Task details: Make an exact copy of the lines from the one containing "Vin: 4s3bnah65h3031988, lot: 53643205, subaru" through the end of the material, including both ends but no pictures.

Dataset section:
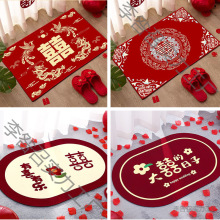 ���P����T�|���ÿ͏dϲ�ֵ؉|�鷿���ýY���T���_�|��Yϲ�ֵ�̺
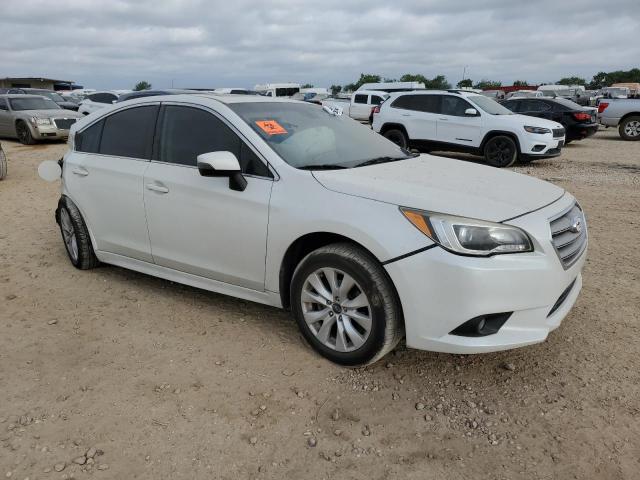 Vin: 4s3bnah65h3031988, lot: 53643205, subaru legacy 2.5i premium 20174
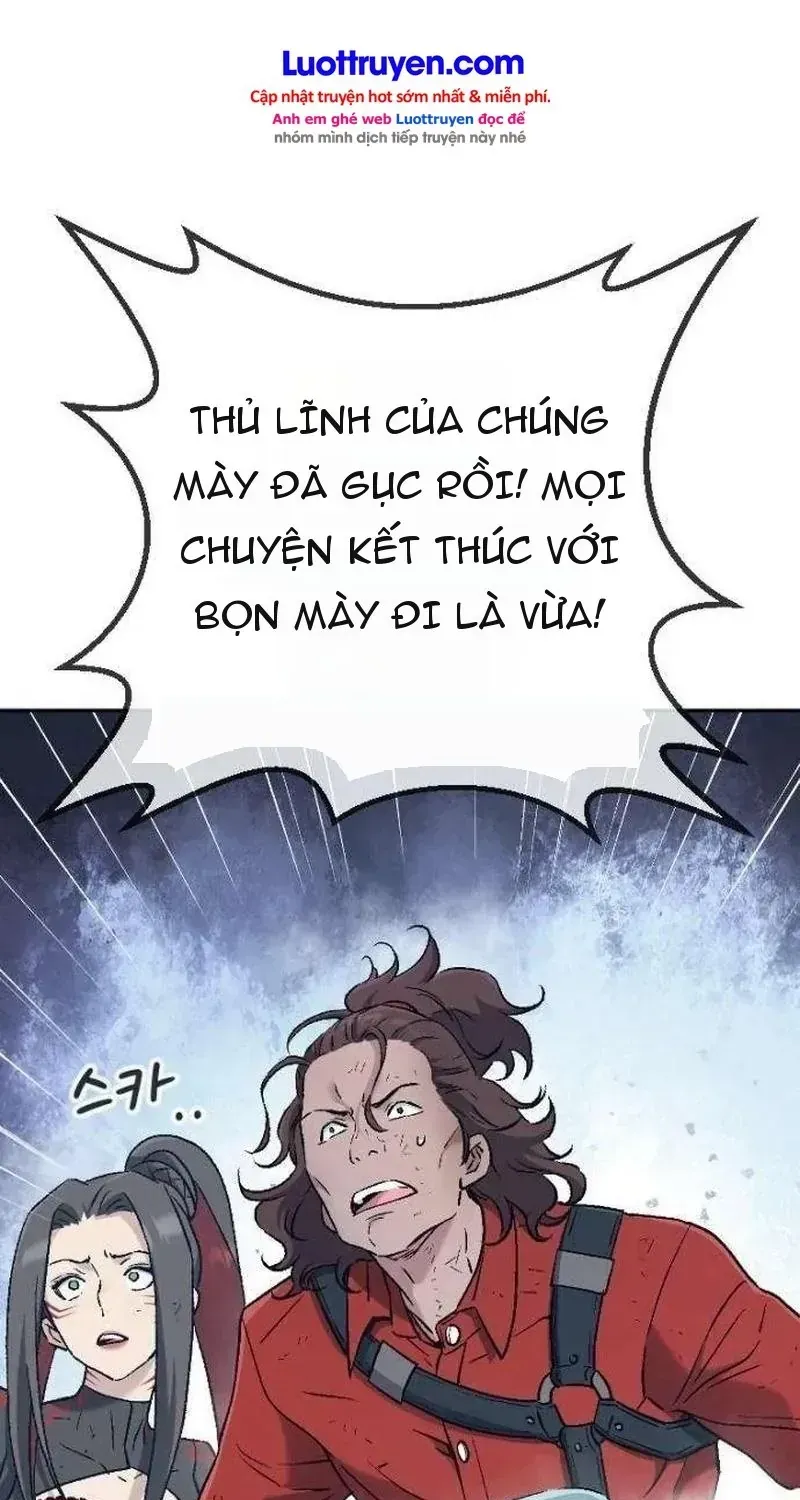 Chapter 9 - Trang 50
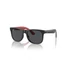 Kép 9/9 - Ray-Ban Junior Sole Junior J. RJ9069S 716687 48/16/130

Final answer:
 Vin: 4s3bnah65h3031988, lot: 53643205, subaru legacy 2.5i premium 20174
 Chapter 9 - Trang 50
 Kép 9/9 - Ray-Ban Junior Sole Junior J. RJ9069S 716687 48/16/130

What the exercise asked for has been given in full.